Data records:

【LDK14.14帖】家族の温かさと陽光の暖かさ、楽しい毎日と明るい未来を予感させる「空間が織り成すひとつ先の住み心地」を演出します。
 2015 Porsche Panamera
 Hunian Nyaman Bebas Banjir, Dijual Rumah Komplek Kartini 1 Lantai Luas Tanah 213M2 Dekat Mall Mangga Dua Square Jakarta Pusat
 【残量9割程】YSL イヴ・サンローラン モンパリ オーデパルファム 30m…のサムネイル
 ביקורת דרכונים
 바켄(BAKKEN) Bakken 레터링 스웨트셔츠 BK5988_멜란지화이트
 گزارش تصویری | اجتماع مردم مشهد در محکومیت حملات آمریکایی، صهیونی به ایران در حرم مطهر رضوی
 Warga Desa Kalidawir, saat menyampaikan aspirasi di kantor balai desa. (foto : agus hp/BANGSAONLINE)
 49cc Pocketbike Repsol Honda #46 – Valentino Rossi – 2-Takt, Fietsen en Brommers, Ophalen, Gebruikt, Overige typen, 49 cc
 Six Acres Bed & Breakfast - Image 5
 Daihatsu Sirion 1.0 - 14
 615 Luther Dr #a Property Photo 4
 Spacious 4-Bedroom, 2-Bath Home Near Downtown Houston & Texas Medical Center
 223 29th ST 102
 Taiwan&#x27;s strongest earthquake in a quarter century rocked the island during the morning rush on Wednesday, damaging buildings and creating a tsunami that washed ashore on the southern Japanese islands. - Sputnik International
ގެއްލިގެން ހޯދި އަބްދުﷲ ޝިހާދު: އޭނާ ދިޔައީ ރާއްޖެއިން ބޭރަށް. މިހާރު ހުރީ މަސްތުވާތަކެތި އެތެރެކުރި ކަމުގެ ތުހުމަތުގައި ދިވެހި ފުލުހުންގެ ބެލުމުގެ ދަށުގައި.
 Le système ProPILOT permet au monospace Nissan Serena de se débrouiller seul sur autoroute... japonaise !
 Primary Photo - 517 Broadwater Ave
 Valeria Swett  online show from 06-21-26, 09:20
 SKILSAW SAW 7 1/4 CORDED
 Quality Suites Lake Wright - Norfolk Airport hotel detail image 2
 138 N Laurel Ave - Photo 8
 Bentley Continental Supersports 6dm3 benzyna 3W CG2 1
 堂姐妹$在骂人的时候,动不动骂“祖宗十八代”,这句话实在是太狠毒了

## TRY IT
The required output is every line of the entries, starting at the one that contains "گزارش تصویری |" and ending at the last, copied exactly.

## YOUR RESPONSE
 گزارش تصویری | اجتماع مردم مشهد در محکومیت حملات آمریکایی، صهیونی به ایران در حرم مطهر رضوی
 Warga Desa Kalidawir, saat menyampaikan aspirasi di kantor balai desa. (foto : agus hp/BANGSAONLINE)
 49cc Pocketbike Repsol Honda #46 – Valentino Rossi – 2-Takt, Fietsen en Brommers, Ophalen, Gebruikt, Overige typen, 49 cc
 Six Acres Bed & Breakfast - Image 5
 Daihatsu Sirion 1.0 - 14
 615 Luther Dr #a Property Photo 4
 Spacious 4-Bedroom, 2-Bath Home Near Downtown Houston & Texas Medical Center
 223 29th ST 102
 Taiwan&#x27;s strongest earthquake in a quarter century rocked the island during the morning rush on Wednesday, damaging buildings and creating a tsunami that washed ashore on the southern Japanese islands. - Sputnik International
ގެއްލިގެން ހޯދި އަބްދުﷲ ޝިހާދު: އޭނާ ދިޔައީ ރާއްޖެއިން ބޭރަށް. މިހާރު ހުރީ މަސްތުވާތަކެތި އެތެރެކުރި ކަމުގެ ތުހުމަތުގައި ދިވެހި ފުލުހުންގެ ބެލުމުގެ ދަށުގައި.
 Le système ProPILOT permet au monospace Nissan Serena de se débrouiller seul sur autoroute... japonaise !
 Primary Photo - 517 Broadwater Ave
 Valeria Swett  online show from 06-21-26, 09:20
 SKILSAW SAW 7 1/4 CORDED
 Quality Suites Lake Wright - Norfolk Airport hotel detail image 2
 138 N Laurel Ave - Photo 8
 Bentley Continental Supersports 6dm3 benzyna 3W CG2 1
 堂姐妹$在骂人的时候,动不动骂“祖宗十八代”,这句话实在是太狠毒了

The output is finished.